RIYADH, May 31: The problem with oil is that it was too low priced in past, argues Dr Ramzi Salman, the adviser to Qatar’s Deputy Prime Minister and Minister of Energy and Industry, who had also served as deputy secretary general of Opec from 1991 to 1997. The current high price of this precious, finite commodity is definitely not the issue, he asserts.

Dr Salman was in Karachi last week participating at the 4th Pakistan Oil and Gas Conference (POGEE). He remains an insider who has been involved with the industry for almost five decades now.

Energy is an extremely high stake game no one argues. And the stakes are so big that the outcome ultimately determines the course of history. Michael Collon very rightly says: “If you want to rule the world, you need to control Oil, All the Oil, Anywhere.”

Dr Salman emphatically believes that in real terms, oil prices today are not higher than in 1981 as he maintains, that in the meantime, the real prices of oil have not gone up. He reiterated, “this is the crux of the problem. People are simply not accustomed to it. Had oil been more expensive in past, true to its market potential, people would not have been complaining today.”

And this would also have also promoted efficient use of energy and would have taken care of the sheer wastage of energy that we see today. The current market prices are very much in tune with the correct value of oil, he strongly argued.

Crude markets have been moving with the gold market movements. “Gold and oil are going up and up together. This is a natural phenomenon in order to maintain the purchasing power of the oil producers.” Indeed his comments hints at the current mode of thinking within the Opec oil producers.

And Dr Salman went on to emphasise that the increasing output would also not be of any help to the markets. “Increased oil production by Saudi Arabia (or any one else) will make no difference,” he said. “There is no demand for heavy crude currently available with Saudi Arabia.”

He also made it clear; Opec would not be inclined to increase output further until it is ensured it would be compensated for any idle capacity. He was indeed referring to the issue of demand security too, as demanded by the Opec producers to make huge investment in the industry attractive and feasible.

Referring to the reasons behind the price spiral, he clarified that oil producers were not responsible. “Geo-politics, tension, processing costs and government taxes were behind the rising gasoline prices in many countries.”

Blaming lack of refining capacity too for the current market scenario, Dr Ramzi added, “If six refineries started production now, oil prices will go down to $50 per barrel.” He added: “speculative trading in oil futures were also contributing significantly to the increase in the prices.”

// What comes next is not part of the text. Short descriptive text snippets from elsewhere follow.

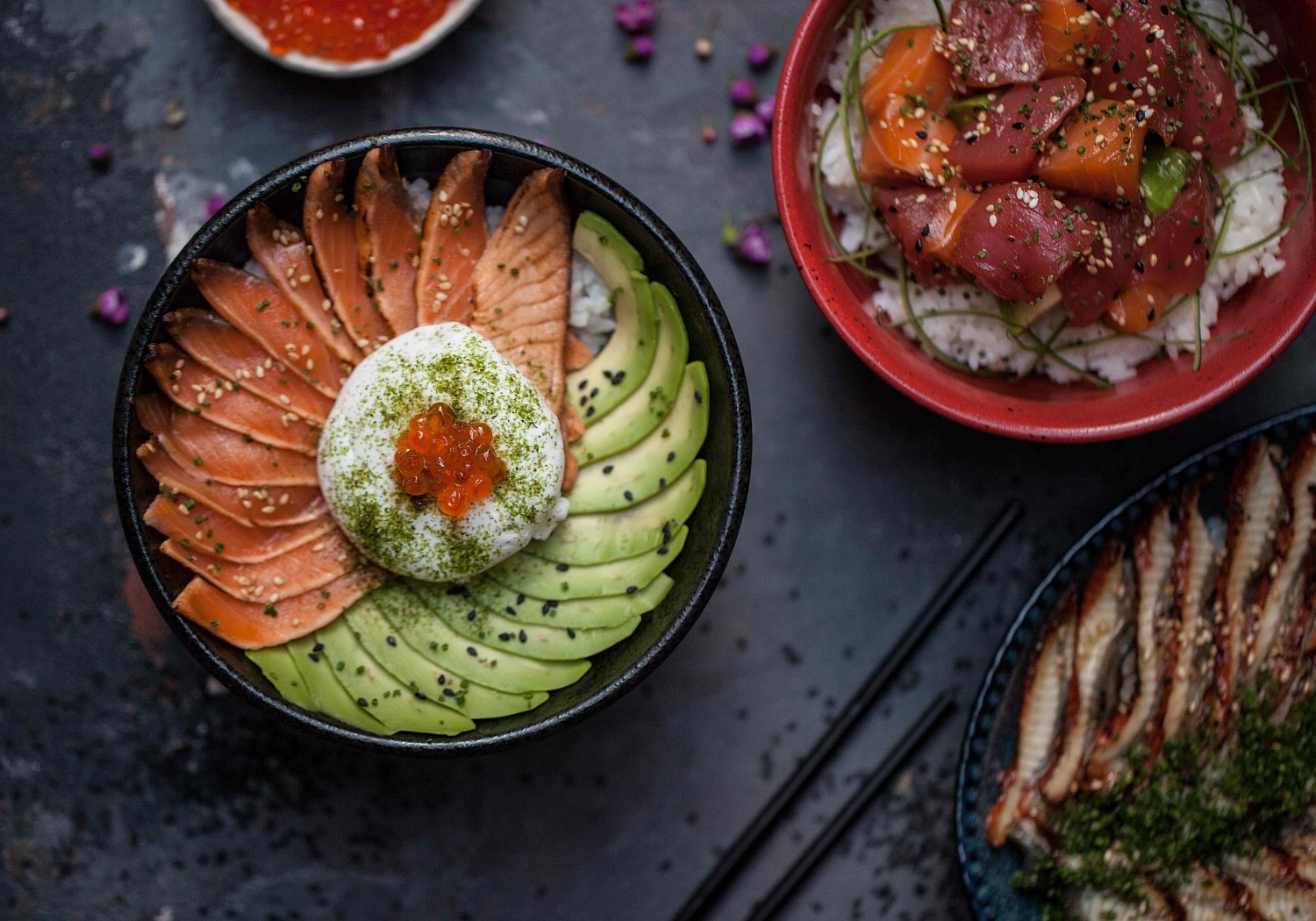 Деловые завтраки ФРиО: наши гости - Михаил и Денис Левченко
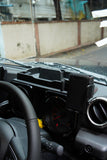 Jimny - Dashboard Tray with Phone Holder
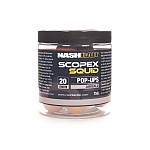NEW Nash Scopex Squid Pop Ups 20 mm / 75g NEW Nash Scopex Squid Pop Ups 20 mm / 75g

In view of the growing gap between the demand and supply of energy for medium income, emerging, energy deficient economies like Pakistan, the issue of energy security, defined as energy availability at all time, for all needs, at affordable prices.

Emphasis seemed to be moving towards managing wasteful consumption especially in space heating, water heating and household use of electricity. Alternative modes of energy too went up for discussion at the conference in Karachi with emphasis on exploiting the geo-thermal energy resources and enhancing regional cooperation so as to meet the needs of energy deficient countries in the region.

Raghuveer Y. Sharma, the Lead Financial Specialist at World Bank hence seemed to be pushing the case of energy deficient Pakistan cooperating with Afghanistan and its two hydro-rich Central Asian states, Tajikistan and the Krygyz Republic for the development of a Central Asia South Asia Regional Electricity Market (CASAREM).

However, in his presentation there was no mention of the Iran-Pakistan-India gas pipeline, apparently more for geo-political considerations than basic economics.